**Available data**
* * *

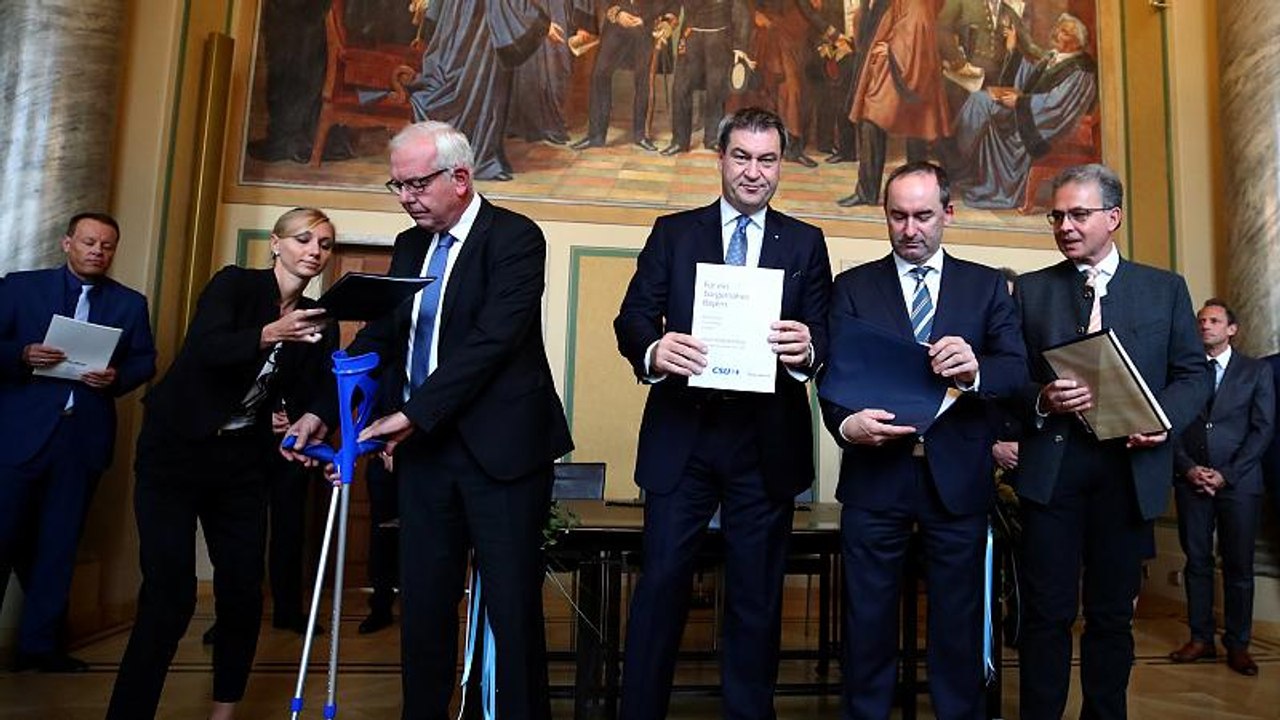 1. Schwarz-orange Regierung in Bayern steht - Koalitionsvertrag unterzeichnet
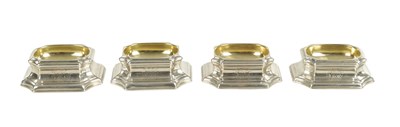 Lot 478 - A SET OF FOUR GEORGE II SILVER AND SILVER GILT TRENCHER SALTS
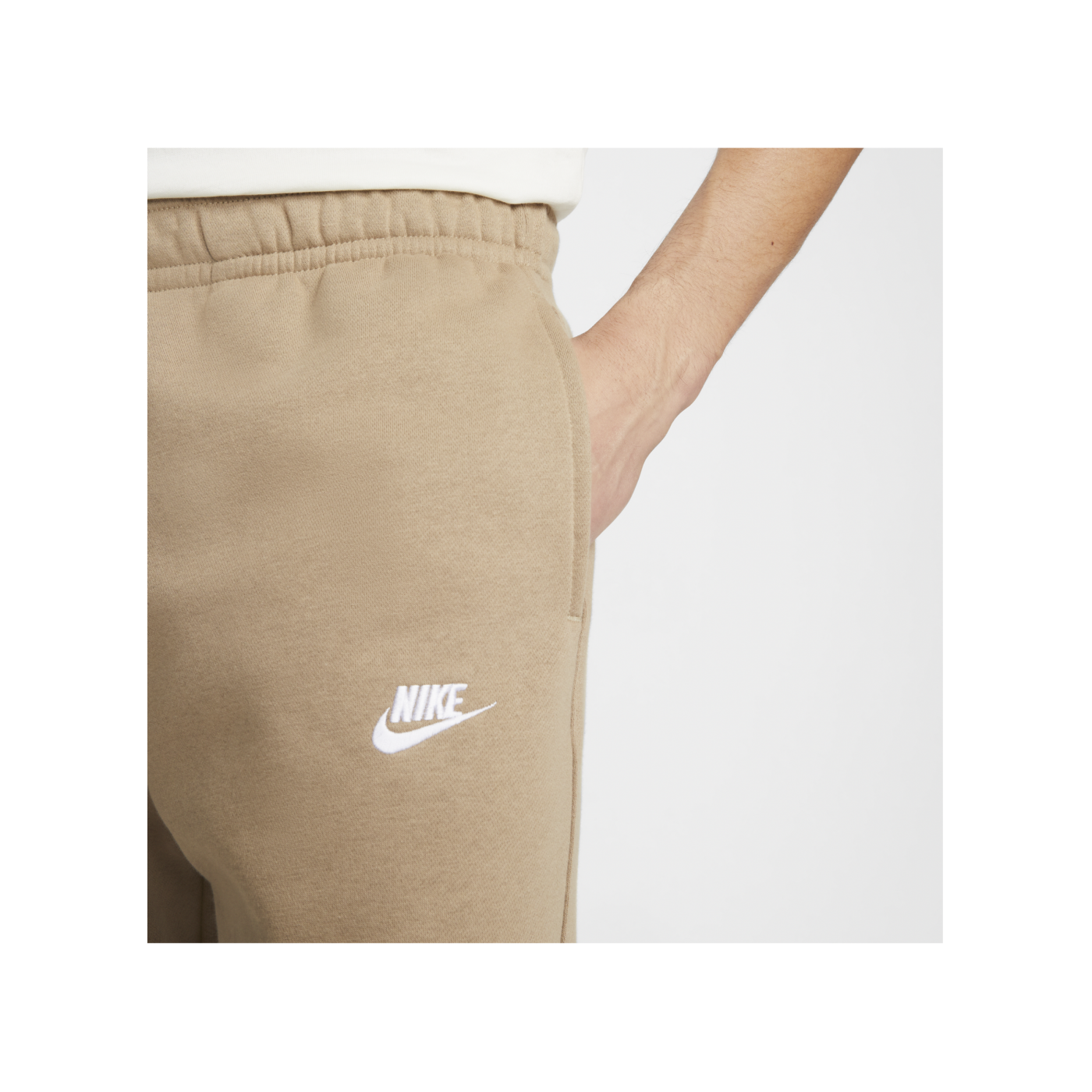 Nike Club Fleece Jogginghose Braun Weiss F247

* * *

**Exercise details**
Retype all the data exactly, please, without pictures.

**Task response**
 1. Schwarz-orange Regierung in Bayern steht - Koalitionsvertrag unterzeichnet
 Lot 478 - A SET OF FOUR GEORGE II SILVER AND SILVER GILT TRENCHER SALTS
 Nike Club Fleece Jogginghose Braun Weiss F247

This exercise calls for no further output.